Originally published at: What is a brokerage account? – Personal Finance Club
The most common confusion I see in investing is around the names of accounts. Roth IRA, 401(k), brokerage accounts, etc. They all sound so confusing! But here’s the thing. They’re all just weird names for plain old bank accounts. Just like checking and savings. They’re just empty buckets that hold stuff. But each one has a slightly different purpose or special rules. Let’s look at a few:
• Checking: You hold cash here. You can write checks from this type of account.
• Savings: You hold cash here. Generally provides interest on cash stored here. Historically more interest than a checking account.
• Brokerage account: You can hold cash here, but also stocks, bonds, mutual funds, index funds, etc. Instead of opening this type of account with a bank, you usually open it with a brokerage like Vanguard, Fidelity, Schwab or Betterment.

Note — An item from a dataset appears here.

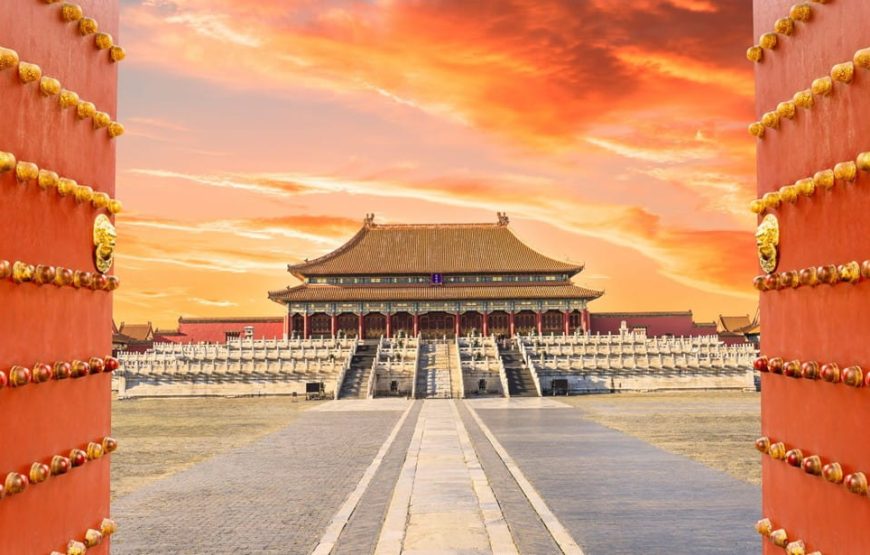 THƯỢNG HẢI – BẮC KINH – HÀNG CHÂU – Ô TRẤN 7N6Đ CZ NOSHOP [T]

• Roth IRA: A special type of brokerage account. The same as above, but it also offers a tax break. Investments that grow in this type of account are never taxed again, but can’t be withdrawn until 59.5.
• 401(k), 403(b), TSP, 457: Special types of brokerage accounts. Can only be opened if your employer offer them. Also offer a tax break.
That’s really it. I know all the crazy words and numbers are intimidating, but they’re just accounts like checking or savings. Their crazy names generally come from the line of the tax code that allows for them, or the senator who proposed it (in the case of Roth!)
Also remember that alone, all of the above are just empty accounts. If you put cash in them, nothing special happens. So if you want to invest (in a Roth IRA for example), you have to contribute cash the account and then take a second stop to invest that money. If you don’t know what your Roth IRA is invested in, you may have made this mistake!
As always, reminding you to build wealth by following the two PFC rules: 1.) Live below your means and 2.) Invest early and often.